On the Job - Page 14

“Wasn’t one of your staff guarding me?”

He glanced over at her. “I have watch of you tonight.”

A ripple of sensation shivered through her, and she pulled her robe closer around her. Neither of them spoke another word until Walker turned onto a winding mountain road and finally pulled into a drive. Once he’d put the car into park, neither of them moved. It seemed the air was so thick with anticipation, she had trouble drawing breath. He put his hands on the wheel and bowed his head slightly. Madeline examined his handsome, stark profile in the dim light.
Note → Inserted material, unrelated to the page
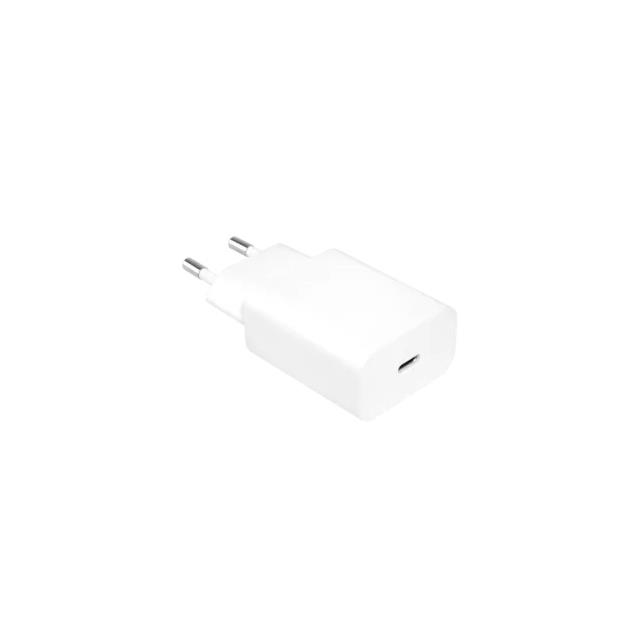 product Photo SWI20C-T-EW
“I regretted leaving you. More than you’ll ever know. But I can’t apologize for who I was then any more than I can say I regret what I’ve become. I needed to go and find my own way, Madeline. I was a kid. I didn’t have anything to offer you.”

“I never asked for anything but you,” she said, staring blindly at the house in front of her.

He gave a dissatisfied grunt. “You may have had a child’s dreams then, but you’re a grown woman now. Are you really going to punish me indefinitely for establishing a career for myself? I couldn’t have done what I wanted to do in Lake Tahoe. I’d have ended up doing rich people’s lawns for the rest of my life, like my dad.”

“Do you think I would have cared?” she exclaimed heatedly, turning toward him.

“No. But I would have, Madeline. I would have. Do you understand?”

Her breath burned in her lungs in the seconds that followed. He exhaled suddenly, informing Madeline he’d been holding his breath, too.

“It isn’t as if I didn’t try to contact you. I was miserable when I heard about your dad dying while I was doing my basic training,” he said gruffly. “I tried like hell to get you on the phone during those seven weeks. You were just as religious about avoiding me.”

She looked at her hands clasped in her lap through a haze of tears.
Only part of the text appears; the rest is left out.